=== Given information ===

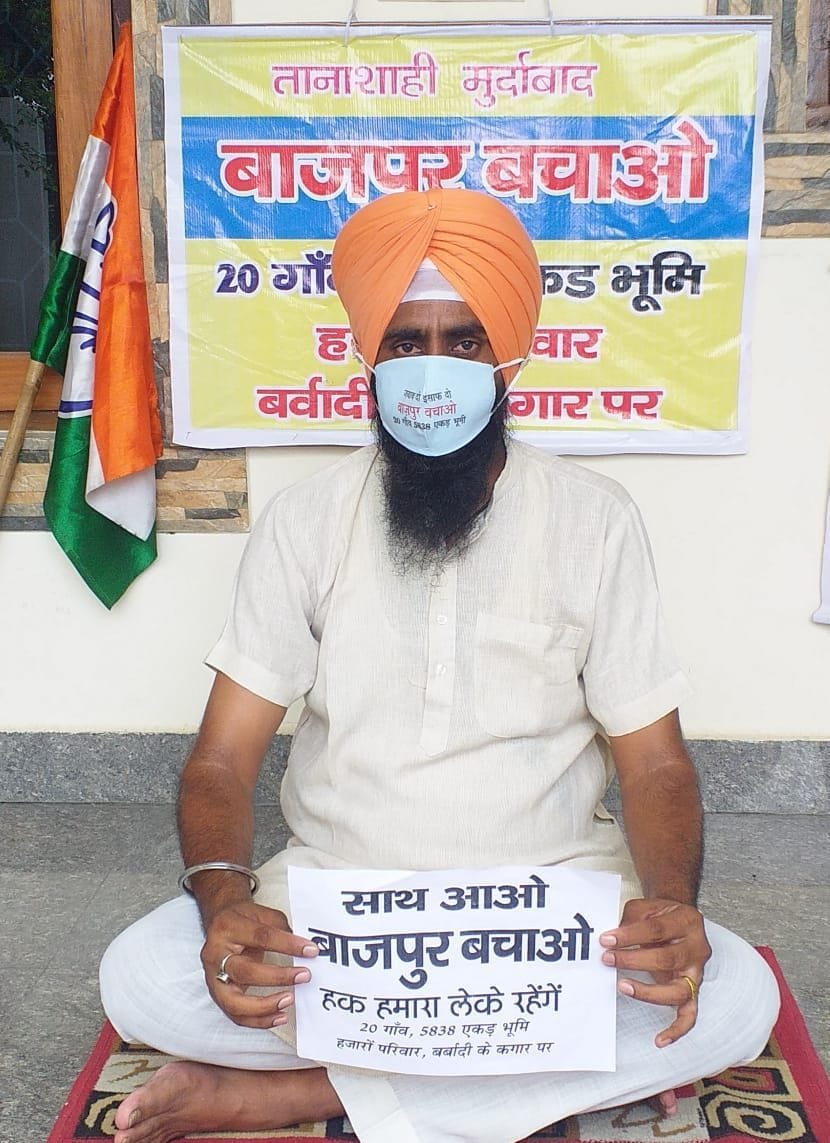 Bajva protested at his home only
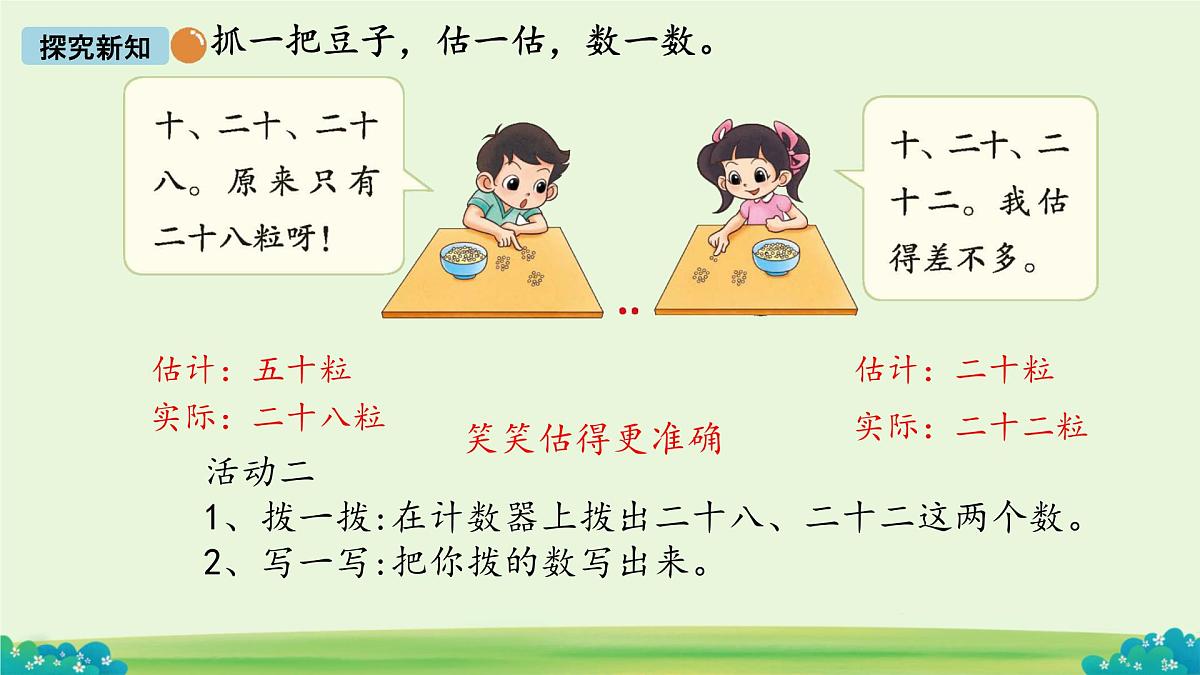 数豆子 课件 数学北师大版（2024）一年级下册第6页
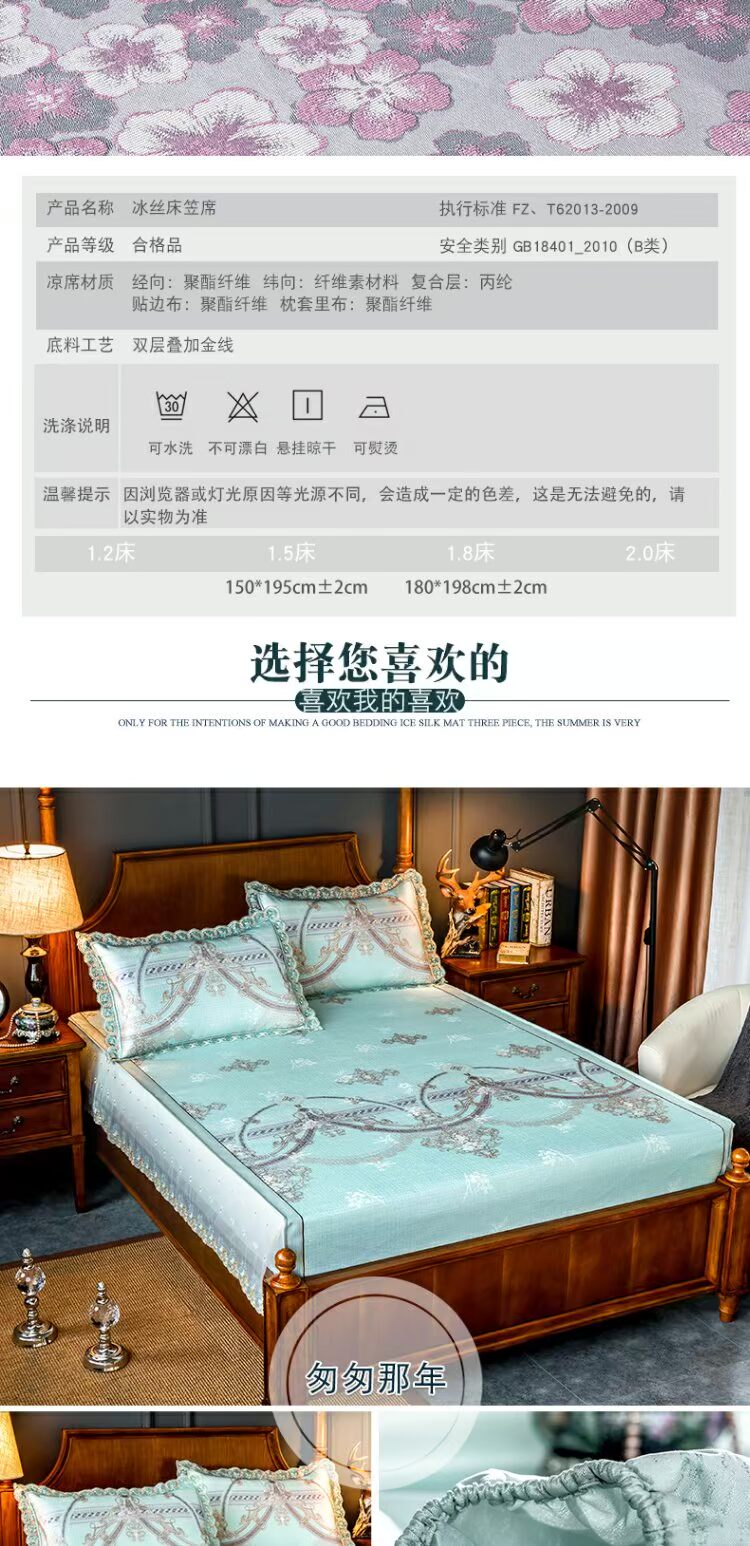 mô hình được trang bị 1.8m băng lụa mat ba mảnh gấp giường 1,5m rửa đôi Ruanxi mùa hè trẻ mùa lạnh - Thảm mùa hè đệm nước dành cho người ốm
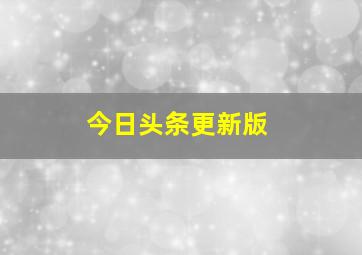 今日头条更新版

===

**Exercise:** Provide a precise transcription of the listing, excluding each picture.

**Finished exercise:**
 Bajva protested at his home only
 数豆子 课件 数学北师大版（2024）一年级下册第6页
 mô hình được trang bị 1.8m băng lụa mat ba mảnh gấp giường 1,5m rửa đôi Ruanxi mùa hè trẻ mùa lạnh - Thảm mùa hè đệm nước dành cho người ốm
 今日头条更新版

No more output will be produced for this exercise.